By: William Forbes
Reporting a claim is not always as simple as calling your insurance company and receiving compensation. Claims, whether they are small or large, affect your insurance policy. Below are five things I recommend my insureds consider before reporting a claim. I point these items out because it’s important that customers understand when and why they should report a claim. Educating yourself about the claims process means being a savvier insurance consumer.
1. Report the claim immediately to your insurance agent or company.
The official guidelines for reporting a claim differ from company to company, so it’s important to check in with your agent or insurer to understand how quickly you need to report a claim. However, as a good rule, it’s important, whichever company you are with, to report claims as soon as they happen. This leaves less chance that details will be forgotten, and reduces the chance that there will be any questions about the claim’s authenticity from your insurance company.

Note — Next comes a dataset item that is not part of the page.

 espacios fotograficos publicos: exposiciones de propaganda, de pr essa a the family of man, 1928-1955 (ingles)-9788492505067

2. Is the claim cost larger than your deductible?
If the claim is not larger than your policy deductible, there is really no reason to report it. In this case, you are financially responsible for the cost of the repair, and there is no benefit to involving the insurance company. You don’t want a reported claim on your policy when you aren’t receiving any financial assistance from your insurance company.
3. Can you handle the claim financially?
Simply put, insurance policies aren’t home- or car-maintenance accounts. Insurance is for catastrophic losses. Or, in other words, losses that create a significant financial hardship. Though insurance will pay for minor claims, you may end up hurting yourself in the long run, as multiple claims will drive up the policy premium. This means you pay more for your insurance plan each year. Additionally, multiple claims increases the likelihood that your insurance company could cut your policy altogether.

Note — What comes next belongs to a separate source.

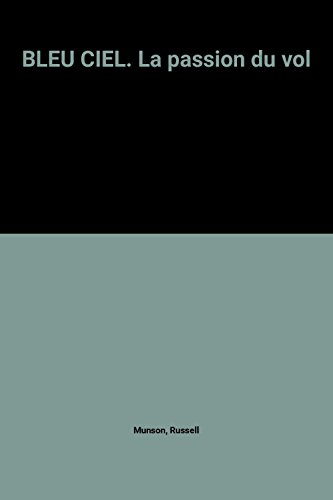 bleu ciel. la passion du vol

4. Often claims raise the annual premium of your policy.
Though many companies today have accident or claim forgiveness, which means your rate won’t increase for your first claim, it is important to understand how claims generally affect your overall policy premium. The number of claims reported, along with the severity of each, can adversely affect the total price you pay for insurance.
5. Claims stay on your policy record for a specified period of time.
Auto claims typically stay on your record for three years. Home claims stay on your record for five years. Having claims on your policy record can affect you when you shop for insurance. They often make it harder to receive the best possible rate, and certain companies will not accept new insureds with multiple claims.
There is much to consider when deciding whether to report a claim. The best advice I can give is to talk to your agent about each claim. Agents are there to provide you with guidance and education, as well as help you through the claims process. Knowing all the facts can help you make a smart financial decision.